Garota ir ao cinema é uma coisa normal”, canta Erasmo Carlos em Minha Fama de Mau talvez em referência ao hoje extinto Cine Madrid, na Tijuca, Zona Norte do Rio de Janeiro. A música foi criada em 1965 e saiu no álbum A Pescaria, em plena época do Cinema Novo. Ir ao cinema era mais normal do que a sociedade atual de telas móveis e streaming. Era o ponto de encontro da juventude e onde acontecia os aquecimentos da galera antes de irem para as noitadas, se fossem de noitadas. Às vezes, ir ao cinema já era a noitada.

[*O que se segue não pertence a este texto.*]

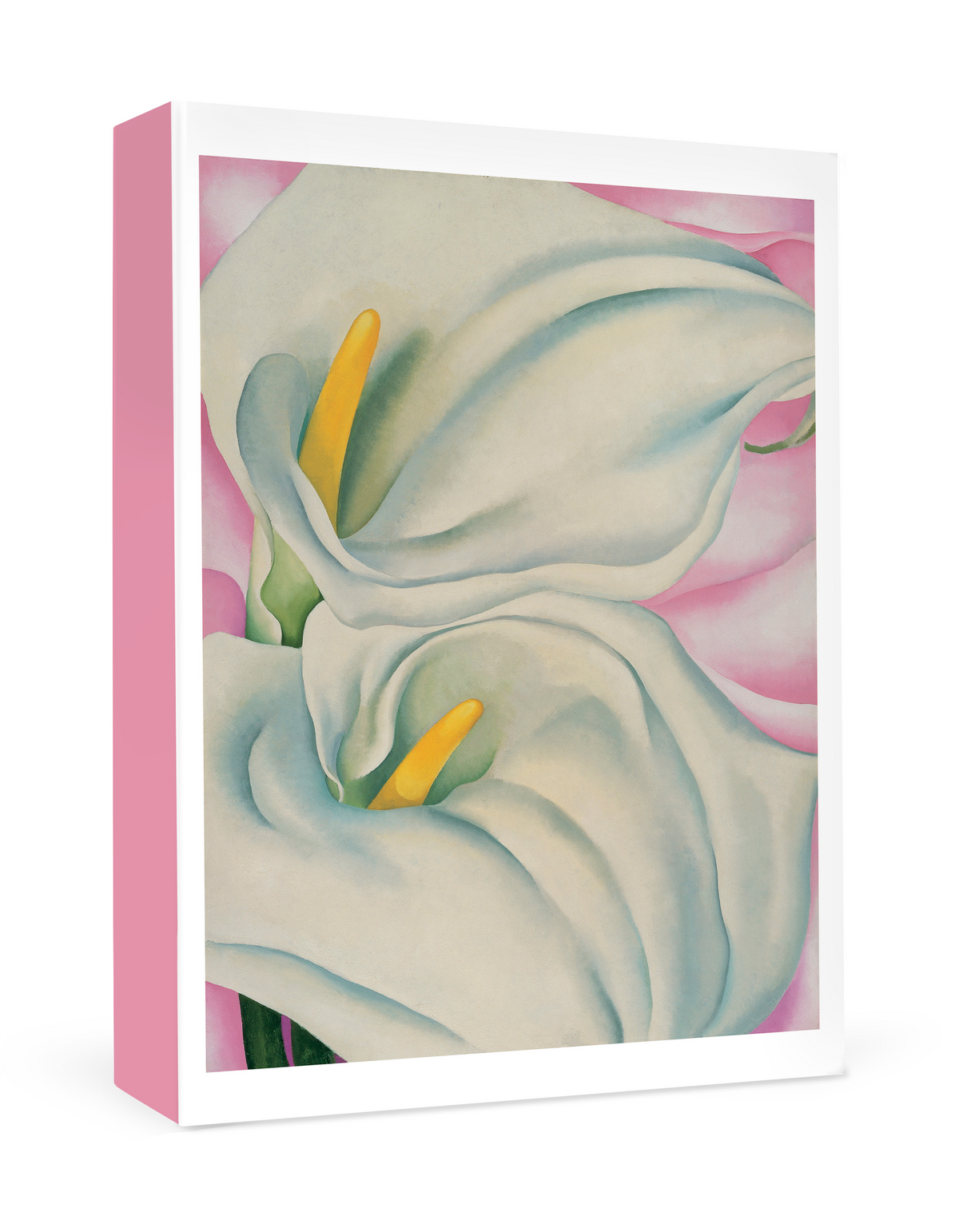 Georgia O’Keeffe: Two Calla Lilies on Pink Small Boxed Cards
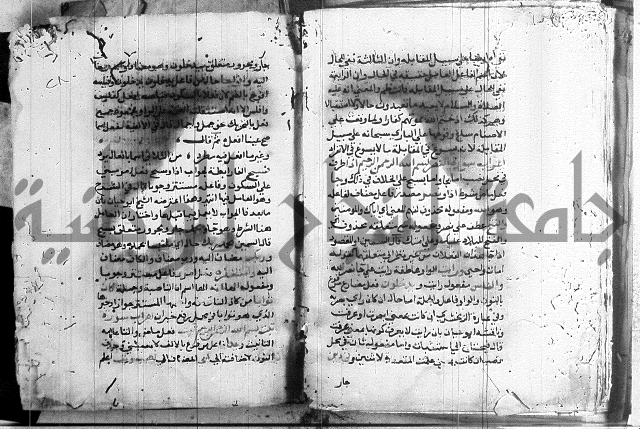 العقود الجوهرية 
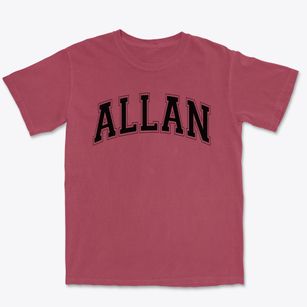 Allan Elementary School Varsity Arch Premium Heavyweight T-shirt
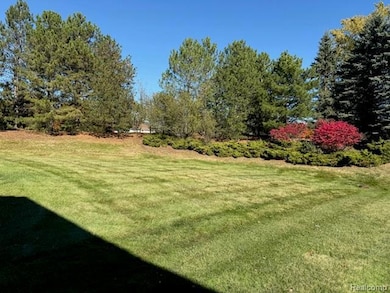 View of grassy yard featuring view of wooded area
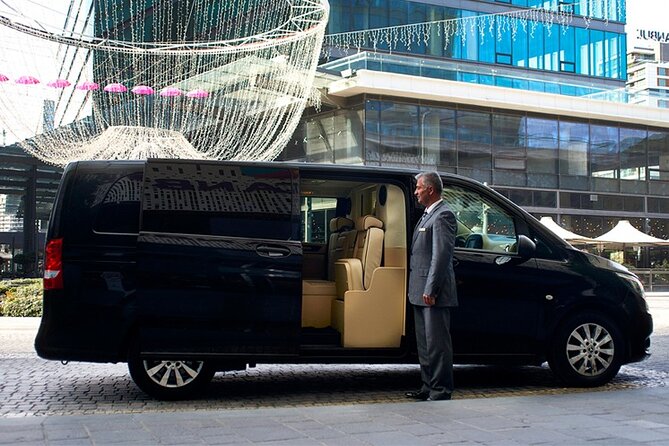 Private Transfer from Istanbul Hotels to Istanbul Airport (IST) - Drop-off at Istanbul Airport (IST): Where You’ll Land and Next Steps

Coisa parecida acontecia em outras salas de cinema, como o Paissandu, no bairro do Flamengo, Zona Sul da cidade. Lembro de ler alguns artigos do Nelson Motta no O Globo sempre enaltecendo o local e seus frequentadores. Ruy Castro também escreveu sobre o lugar, num texto bem bacana. É algo que imagino ser parecido com o Cine Madrid, mas tijucano e voltado para o iê iê iê e não para o que viria se tornar a Bossa Nova:

O Paissandu servia de epicentro para vários pontos. O cinema propriamente dito espalhava-se pelos bares ao lado, o Oklahoma, e seu vizinho, o Cinerama, ambos com mesas na calçada (os dois são hoje irreconhecíveis, e o segundo passou a se chamar Garota do Flamengo). Nas noites de sexta e sábado, que eram o apogeu do Paissandu, a falta de cadeiras nesses botequins condenava os retardatários a um terceiro bar, o Venadense, na esquina da Senador Vergueiro com a Barão do Flamengo — a apenas 50 metros, mas que dava a impressão de ficar para lá de Novosibirsk, na Sibéria. E nem podia haver mesa para todo mundo no epicentro porque, se a Geração Paissandu se compunha de uns mil membros efetivos e outros tantos ocasionais, seu, digamos, universo estético e político representava muito mais gente, que também acorria.

(…)

O estereótipo visual com que a posteridade vestiu aquela geração — calça americana (comprada no Mercadinho Azul, em Copacabana), camisas cáqui ou azuis de marinheiro (disponíveis nos melhores contrabandistas da praça Mauá), sandálias franciscanas, barbas à vontade e cabelos quase compridos — também não é de todo exato. Muitos realmente se vestiam assim, mas havia os de aparência conservadora, com ares de Zona Norte: cabelos curtos, blusão de mangas também curtas e calças da Ducal. As drogas eram raras ou inexistentes (o chope, livre). Em matéria de música, a Geração Paissandu estava mais para Tom e Vinicius, Nara Leão, Sergio Ricardo e, assim que ele surgiu, Chico Buarque. Havia um remoto interesse pelos Beatles e absoluta repulsa ao iê-iê-iê.

Se pra turma da Bossa Nova o epicentro era o Paissando, pra galera do iê-iê-iê o point era Cine Madrid — uma extinta sala de cinema localizada na Haddock Lobo. Inaugurada em 1954, fechou em 1970 após um incêndio. Hoje é uma loja de móveis. Segue uma imagem de como era e como é hoje em dia.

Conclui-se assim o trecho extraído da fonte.